> Recorded information:
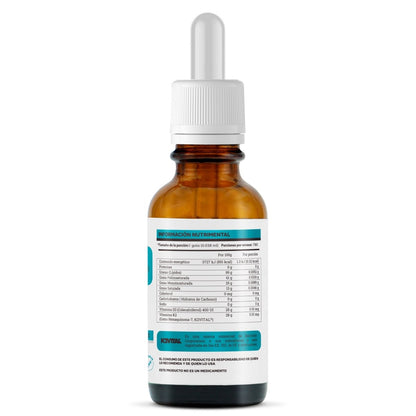 Vitamina D3 K2 Desol-K de Matter | Fortalece Huesos y Sistema Inmune | Frasco con 30ml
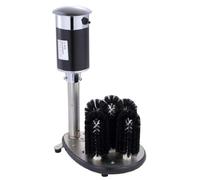 Lavavetri elettrico, macchina per la pulizia dei vetri verticale per bicchieri da vino e bicchieri di birra, fino a 1200 tazze/h per bar, cucina, caffè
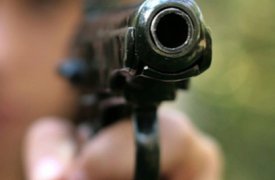 В тульском Скуратово мужчина застрелил знакомого из травматического пистолета
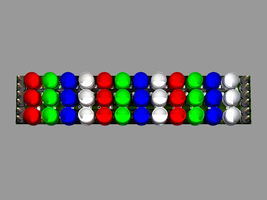 gerenderte Vorschau der Fnordleiste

> Your assignment:
Only one thing is wanted here, an exact copy of the lines from the first line above through the line containing "Lavavetri elettrico, macchina", minus any picture.

> Expected output:
 Vitamina D3 K2 Desol-K de Matter | Fortalece Huesos y Sistema Inmune | Frasco con 30ml
 Lavavetri elettrico, macchina per la pulizia dei vetri verticale per bicchieri da vino e bicchieri di birra, fino a 1200 tazze/h per bar, cucina, caffè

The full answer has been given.